Julián Redondo
Uno y otros
Mi admiración por Messi es directamente proporcional al desprecio que siento por todos y cada uno de los sinvergüenzas que se citaron en el Camp Nou para organizar la silbatina contra el Himno y el Rey. ¿Qué se dice del futbolista que coge la pelota pegado a la banda, casi en el centro del campo, derriba rivales con la pericia del jugador de bolos y firma un gol magistral? Que es un crack, una estrella, un deportista estratosférico, un Messi. ¿Y qué se dice de quienes no respetan los símbolos de una nación, aunque no la consideren suya, y de los líderes políticos que les ríen las gracias y los disculpan?
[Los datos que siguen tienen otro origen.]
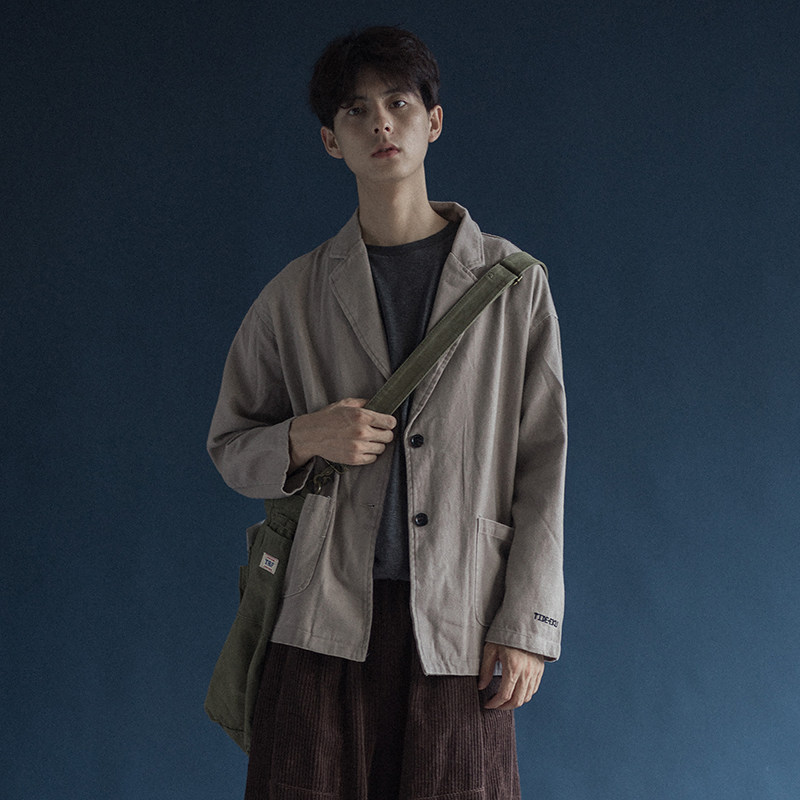 Japanese retro literary Hong Kong style ins old suit jacket Men's and women's BF style simple jacket men's Yuppie top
Que tienen mala educación. Y un maleducado es gentuza. ¿Y qué decir de quienes después de silbar a Felipe VI celebran la conquista de la Copa del Rey como posesos, o se amargan y hasta lloran si no la ganan? Que semejante contradicción invita a pensar que no están en su sano juicio, e incluso que son un poquito lelos. Es incomprensible. Y como la libertad de expresión funciona en dos direcciones, ahí queda eso, el detalle grosero de unos aficionados que convierten el graderío en un esperpento, lo otro y lo del más allá: una imagen deslumbrante en la retina, el primer gol de Messi. Si el as argentino jugara en el Athletic, la gabarra surcaría hoy las aguas de la ría con Ernesto Valverde en el timón. Pero juega en el Barcelona, a las órdenes (?) de Luis Enrique y, dado su excepcional estado de forma, no hay que descartar que el próximo sábado también sea el protagonista principal de la final de la Liga de Campeones, y su siguiente víctima, la Juventus.